▶ _WHAT IS BEING ASKED_: In the records below, find the line that contains "Thumbnail Image 1" and the line that contains "Prompt: page d’herbier de plantes futuristes"; write out exactly those two lines and everything between them, without the pictures.

▶ _DATASET CONTENT_:

------------------------------------

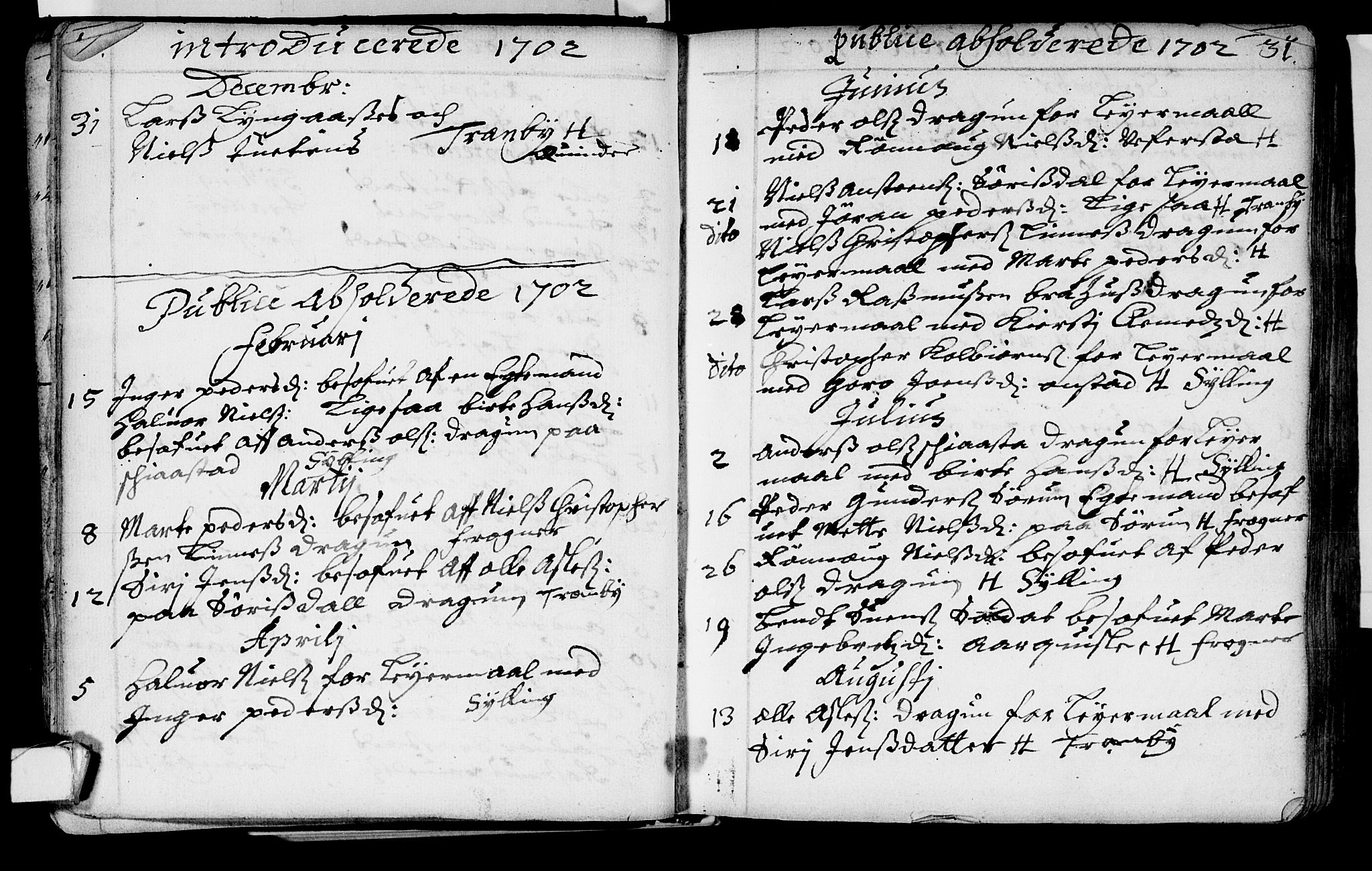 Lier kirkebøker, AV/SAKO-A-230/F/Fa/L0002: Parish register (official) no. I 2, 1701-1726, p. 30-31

------------------------------------

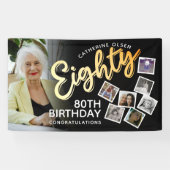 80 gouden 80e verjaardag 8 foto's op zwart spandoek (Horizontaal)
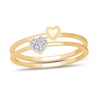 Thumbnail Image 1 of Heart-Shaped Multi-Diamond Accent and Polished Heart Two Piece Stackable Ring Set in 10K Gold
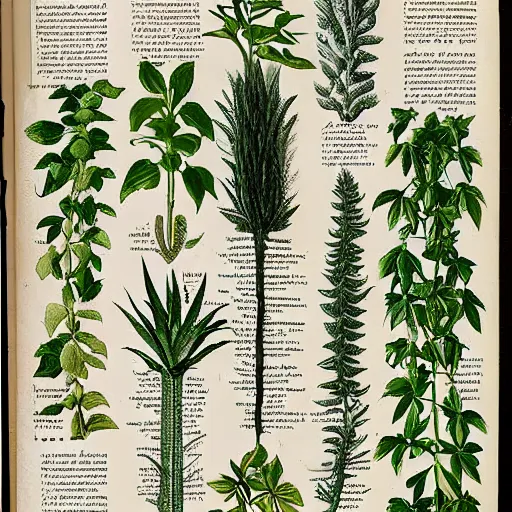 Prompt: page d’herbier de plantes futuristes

------------------------------------

▶ _THE ANSWER_:
 Thumbnail Image 1 of Heart-Shaped Multi-Diamond Accent and Polished Heart Two Piece Stackable Ring Set in 10K Gold
 Prompt: page d’herbier de plantes futuristes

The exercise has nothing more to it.